┌─ Supplied information
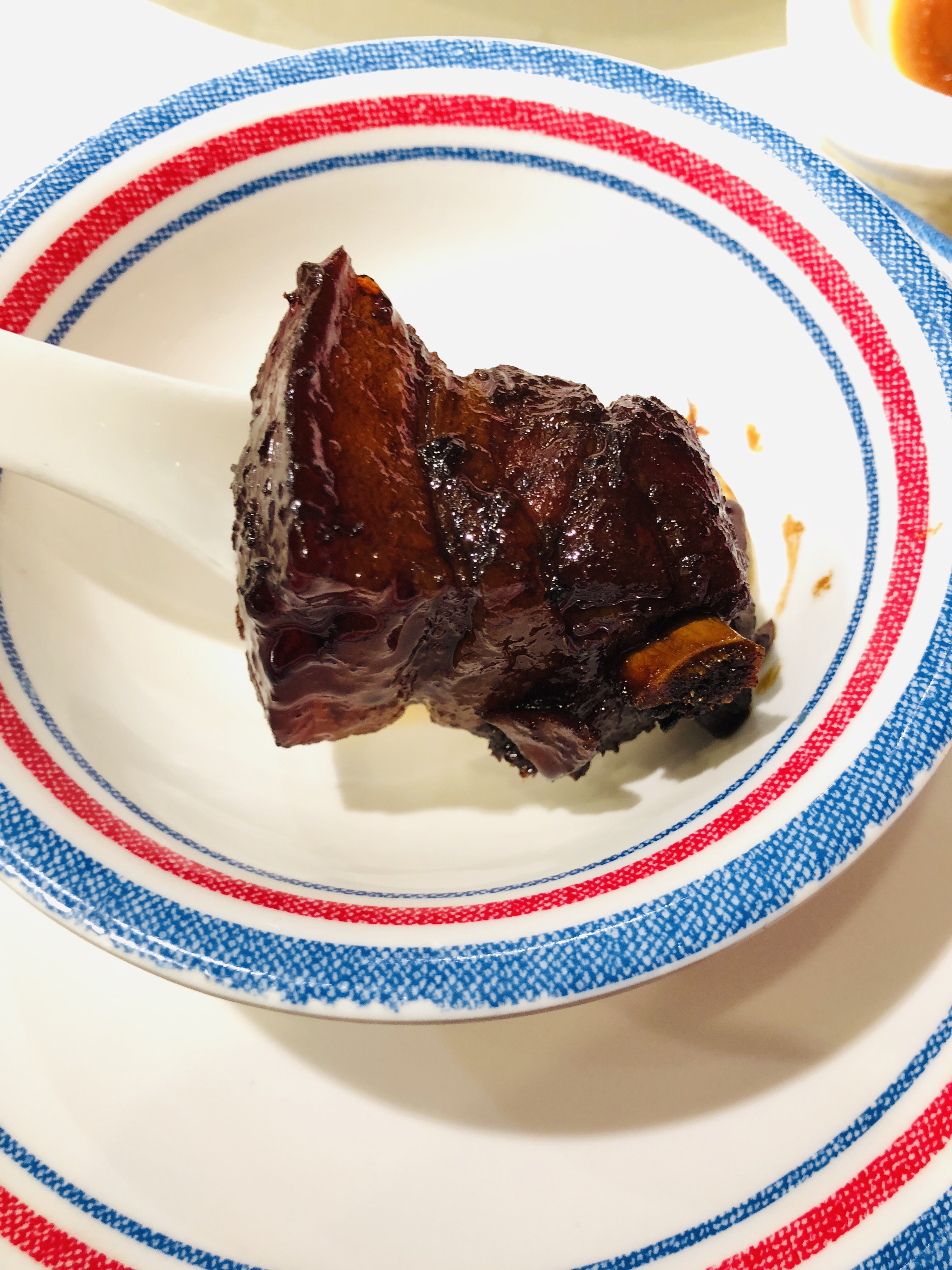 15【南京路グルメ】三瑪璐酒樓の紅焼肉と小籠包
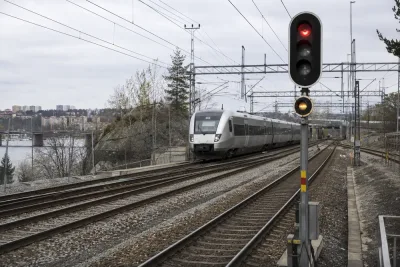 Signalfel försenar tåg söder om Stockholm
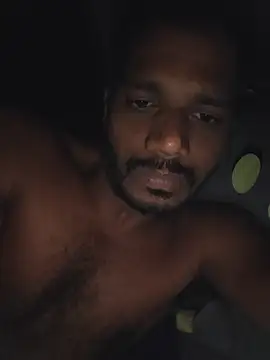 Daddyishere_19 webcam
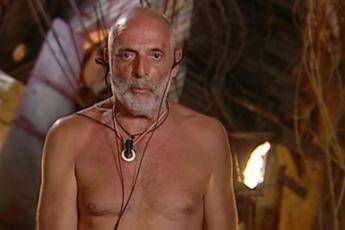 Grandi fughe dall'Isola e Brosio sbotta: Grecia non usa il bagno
└─
┌─ Supplied information
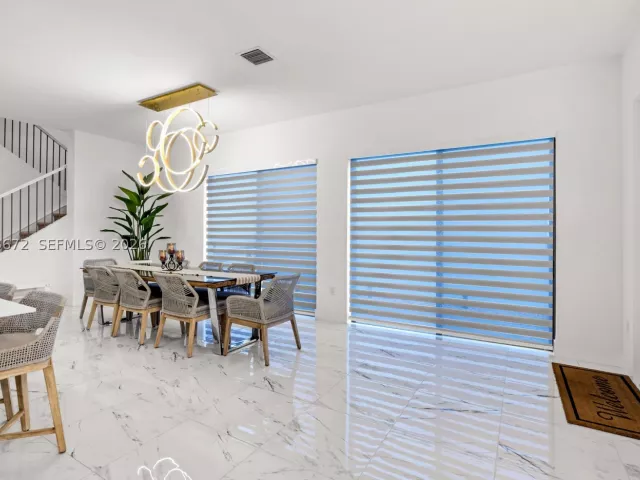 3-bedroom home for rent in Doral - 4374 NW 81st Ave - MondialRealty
└─
* Goal of the exercise *
Everything above from the line with "15【南京路グルメ】三瑪璐酒樓の紅焼肉と小籠包" through the line with "Grandi fughe dall'Isola" should be retyped exactly, and nothing else; omit pictures.

* Answer to this exercise *
 15【南京路グルメ】三瑪璐酒樓の紅焼肉と小籠包
 Signalfel försenar tåg söder om Stockholm
 Daddyishere_19 webcam
 Grandi fughe dall'Isola e Brosio sbotta: Grecia non usa il bagno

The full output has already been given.